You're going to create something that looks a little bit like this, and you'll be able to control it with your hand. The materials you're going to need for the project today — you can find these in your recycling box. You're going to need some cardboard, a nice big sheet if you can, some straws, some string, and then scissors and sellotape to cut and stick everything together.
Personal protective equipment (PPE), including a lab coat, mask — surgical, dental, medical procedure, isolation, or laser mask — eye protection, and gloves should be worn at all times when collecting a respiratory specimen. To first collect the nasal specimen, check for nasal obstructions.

...

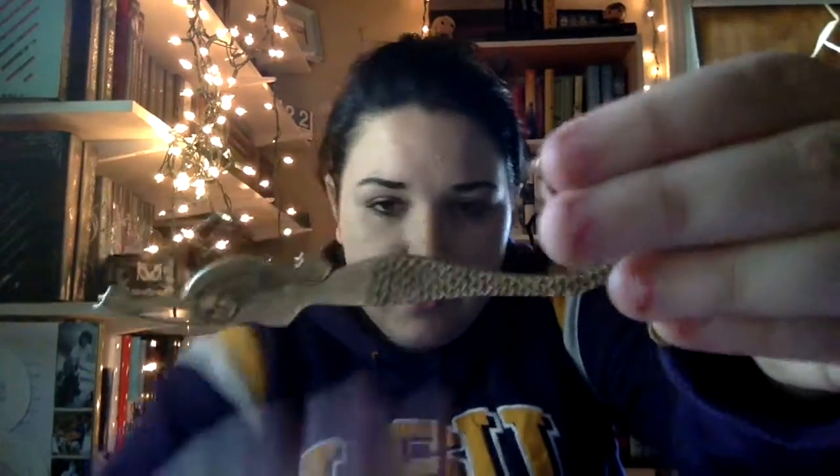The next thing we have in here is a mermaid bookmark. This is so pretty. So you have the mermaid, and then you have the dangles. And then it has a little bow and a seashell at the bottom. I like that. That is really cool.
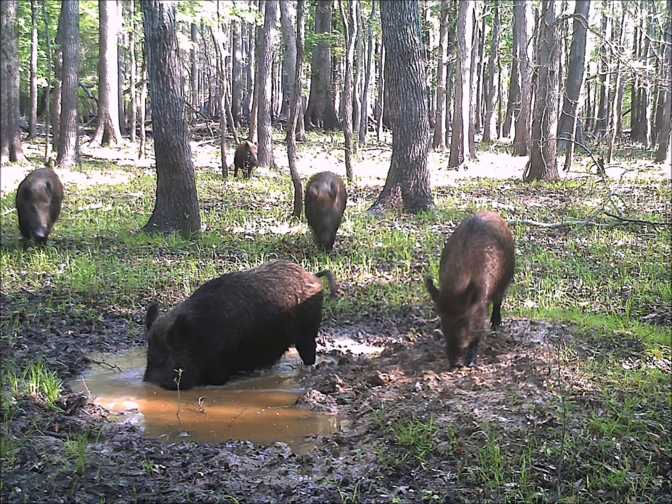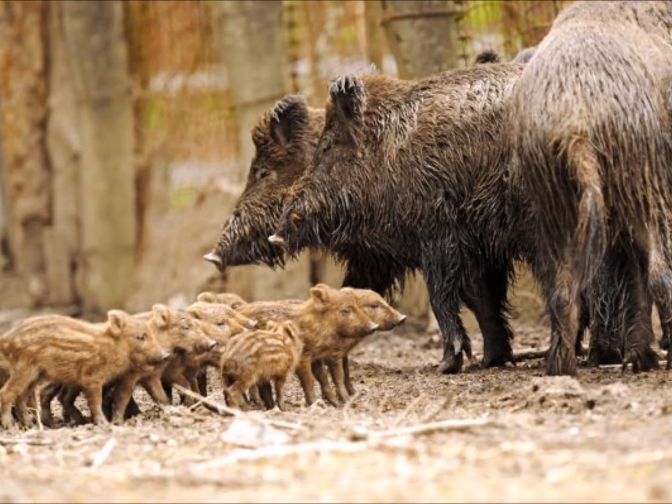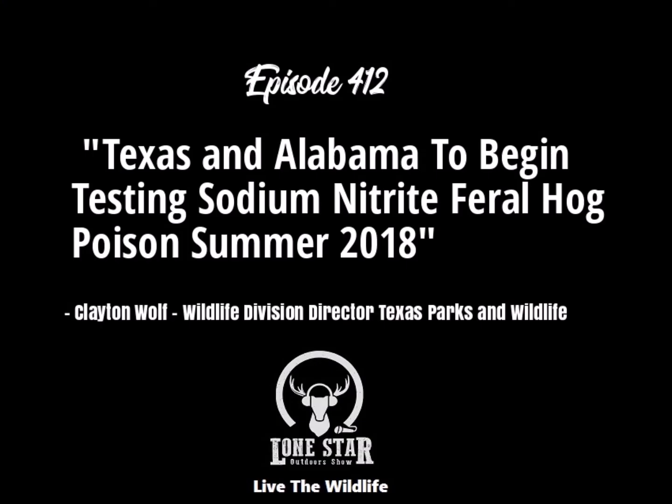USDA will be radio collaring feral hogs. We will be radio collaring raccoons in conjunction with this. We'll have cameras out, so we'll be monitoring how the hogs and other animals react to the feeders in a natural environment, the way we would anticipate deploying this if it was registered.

* **EXERCISE DESCRIPTION**
Reproduce only the lines above, starting at the line with "You're going to create" and ending at the line with "Personal protective equipment", exactly as written.

* **TASK SOLUTION**
You're going to create something that looks a little bit like this, and you'll be able to control it with your hand. The materials you're going to need for the project today — you can find these in your recycling box. You're going to need some cardboard, a nice big sheet if you can, some straws, some string, and then scissors and sellotape to cut and stick everything together.
Personal protective equipment (PPE), including a lab coat, mask — surgical, dental, medical procedure, isolation, or laser mask — eye protection, and gloves should be worn at all times when collecting a respiratory specimen. To first collect the nasal specimen, check for nasal obstructions.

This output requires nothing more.